ASSIGNED TASK: Return exactly the lines from the one containing "Ronaldo tươi cười" through the last line of the records below, both included, and leave out any pictures.

====== EXERCISE MATERIALS

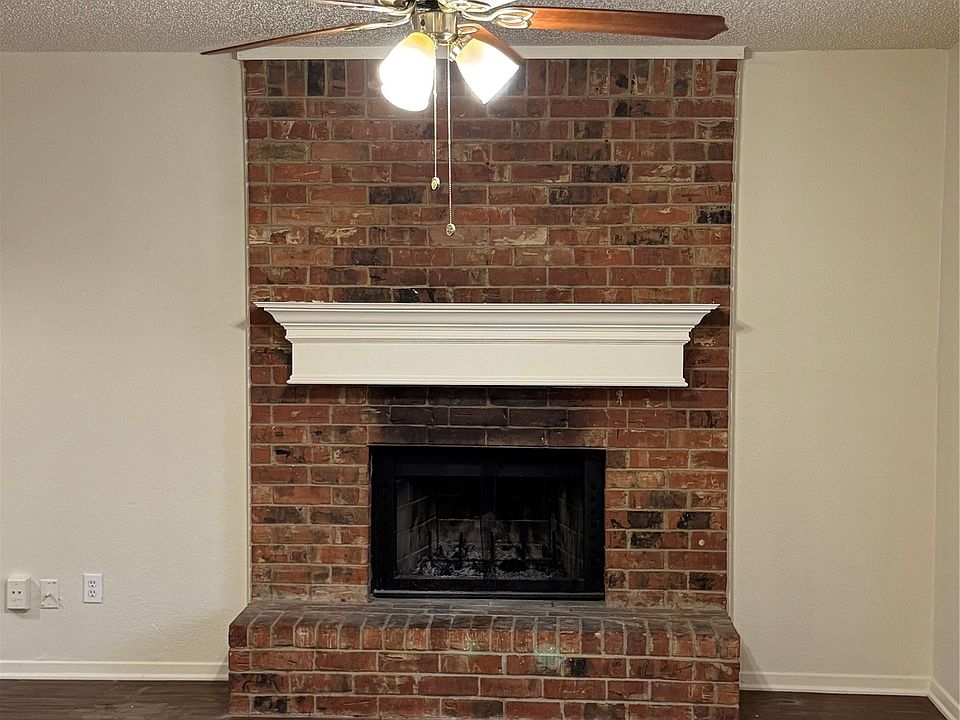 2nd image of 2308 Indigo Ln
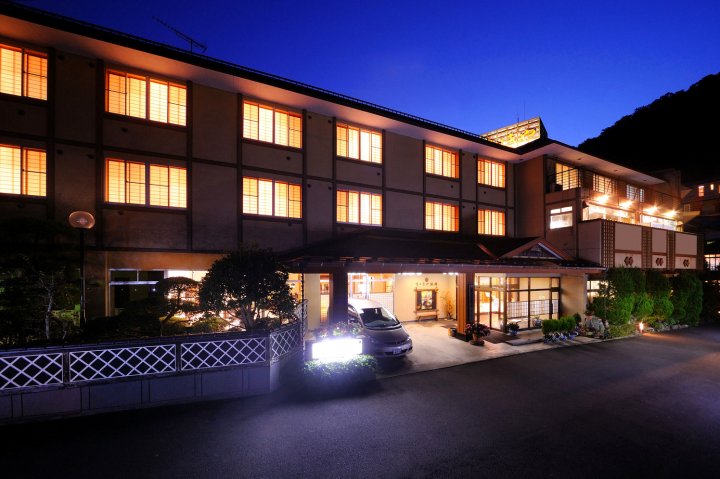 寿寿喜家日式旅馆(Suzukiya Ryokan)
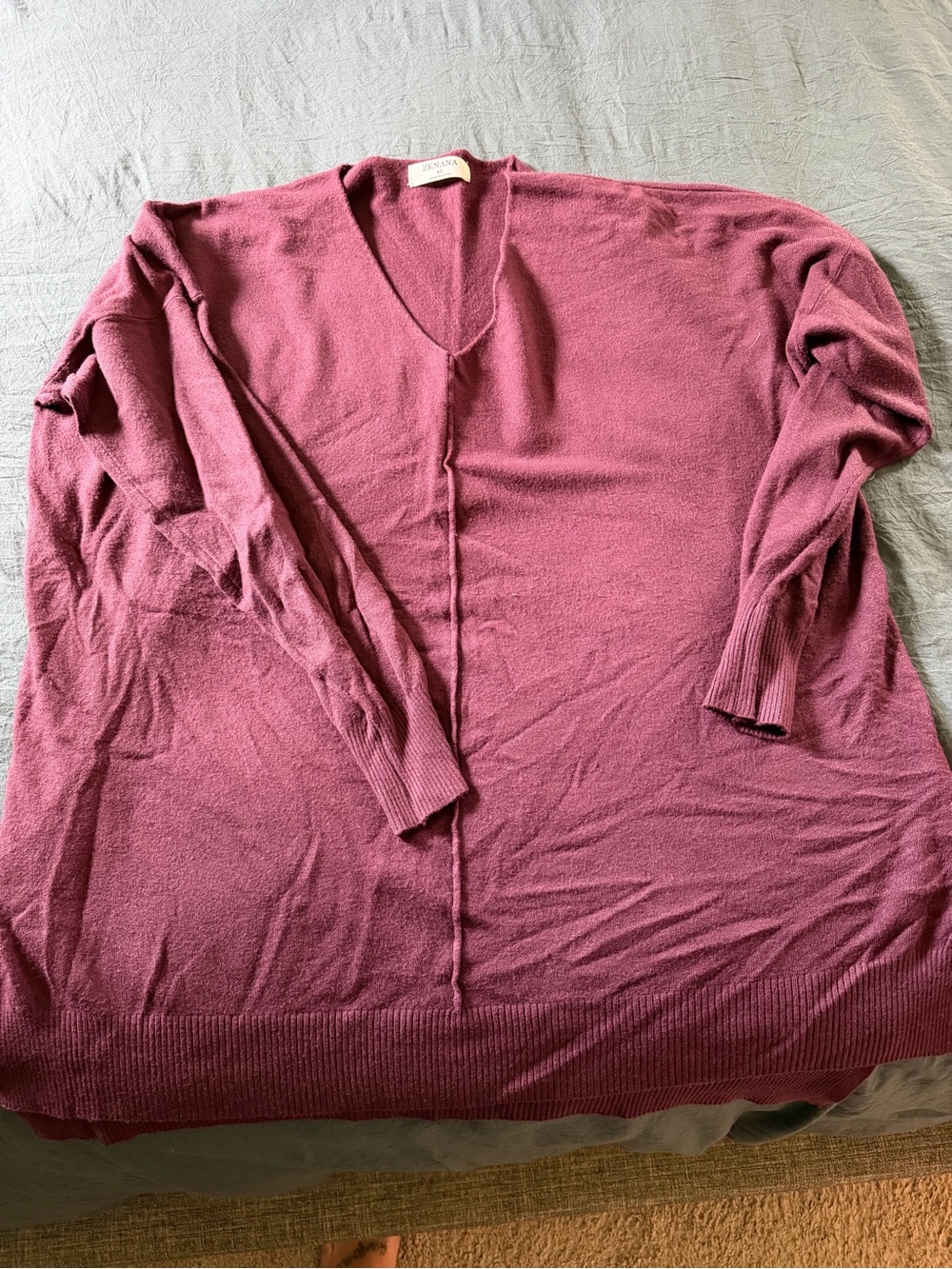 Zenana Outfitters V-Neck Sweater in wine
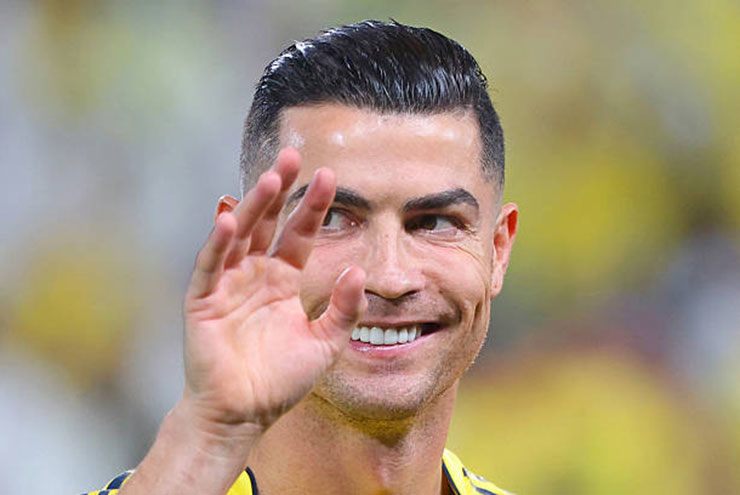 Ronaldo tươi cười trước trận derby Al Nassr - Al Hilal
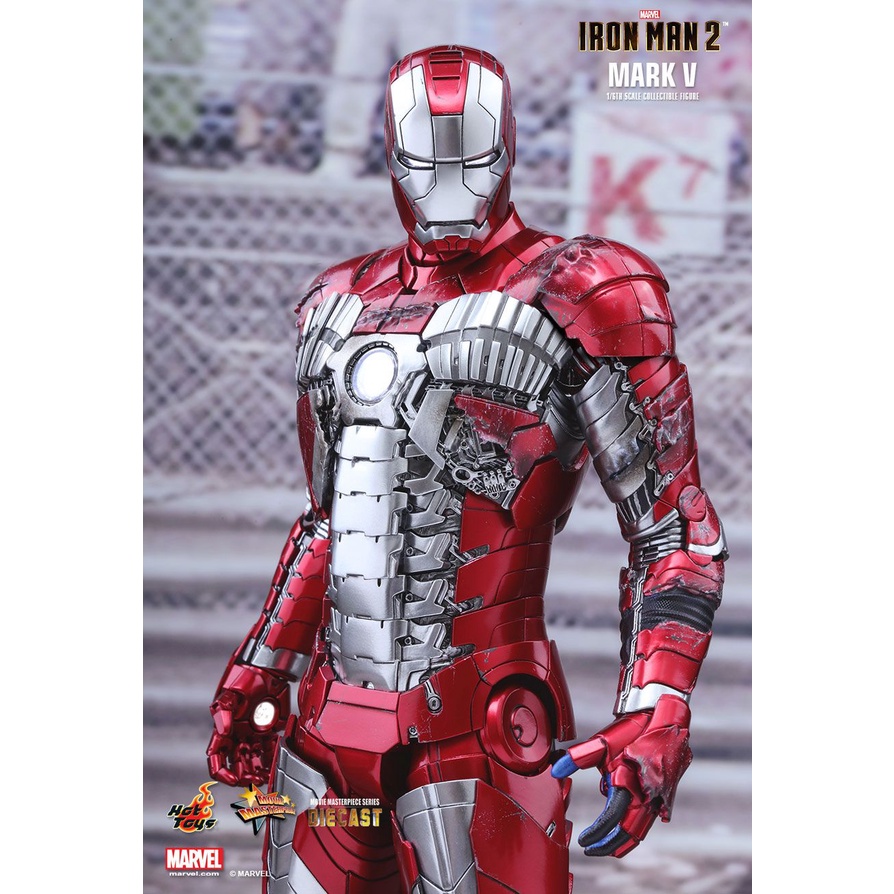 HOT TOYS MMS400 D18 IRON MAN 2 MARK V MARK 5 1/6TH SCALE COLLECTIBLE FIGURE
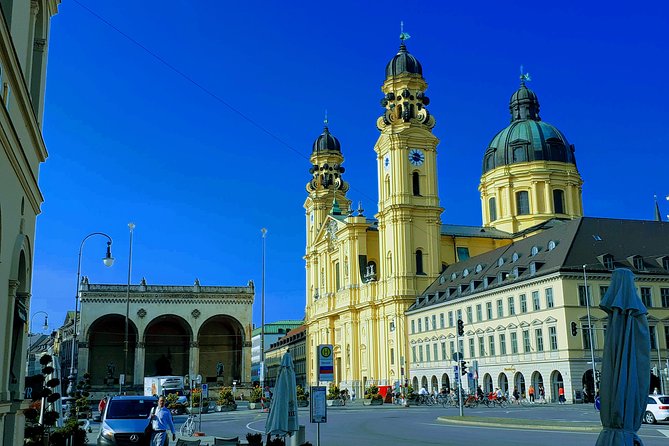 Private Munich ALL-IN-ONE Tour: City - Lake District - Conc. Camp - Marienplatz and the old city on foot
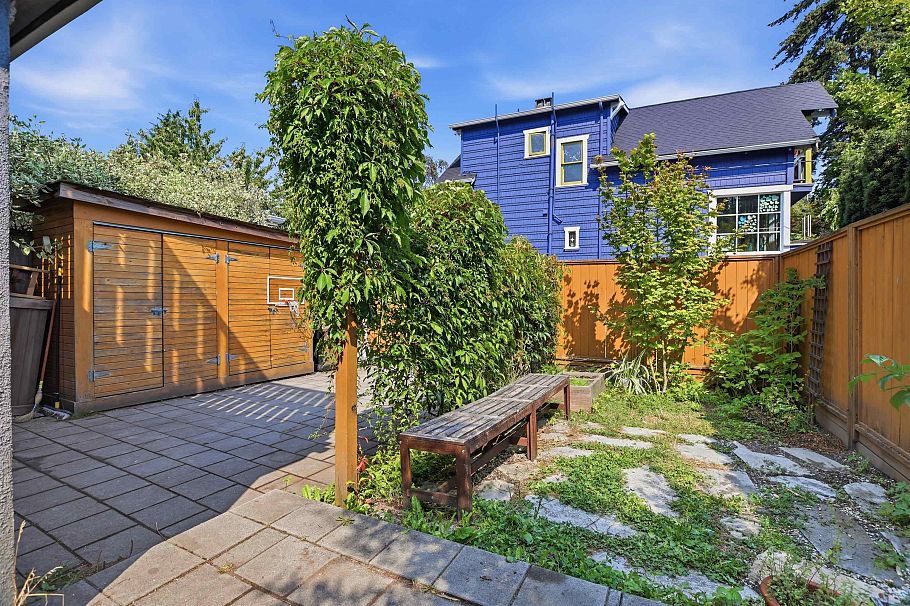 375 E 28th Avenue Vancouver, BC - 35
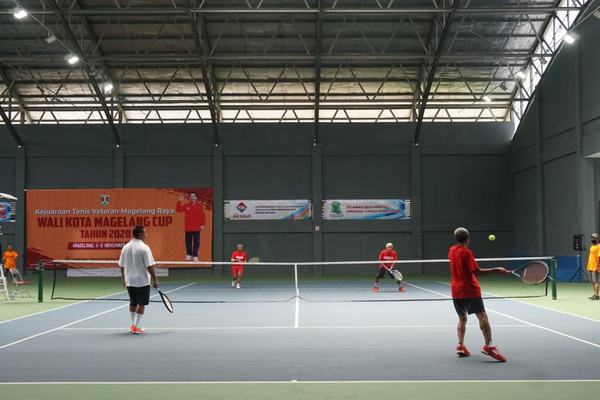 KEJUARAAN TENIS VETERAN MAGELANG RAYA WALI KOTA MAGELANG CUP TAHUN 2020 ASAH DAN TINGKATKAN KEMAMPUAN PESERTA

============

YOUR RESPONSE:
 Ronaldo tươi cười trước trận derby Al Nassr - Al Hilal
 HOT TOYS MMS400 D18 IRON MAN 2 MARK V MARK 5 1/6TH SCALE COLLECTIBLE FIGURE
 Private Munich ALL-IN-ONE Tour: City - Lake District - Conc. Camp - Marienplatz and the old city on foot
 375 E 28th Avenue Vancouver, BC - 35
 KEJUARAAN TENIS VETERAN MAGELANG RAYA WALI KOTA MAGELANG CUP TAHUN 2020 ASAH DAN TINGKATKAN KEMAMPUAN PESERTA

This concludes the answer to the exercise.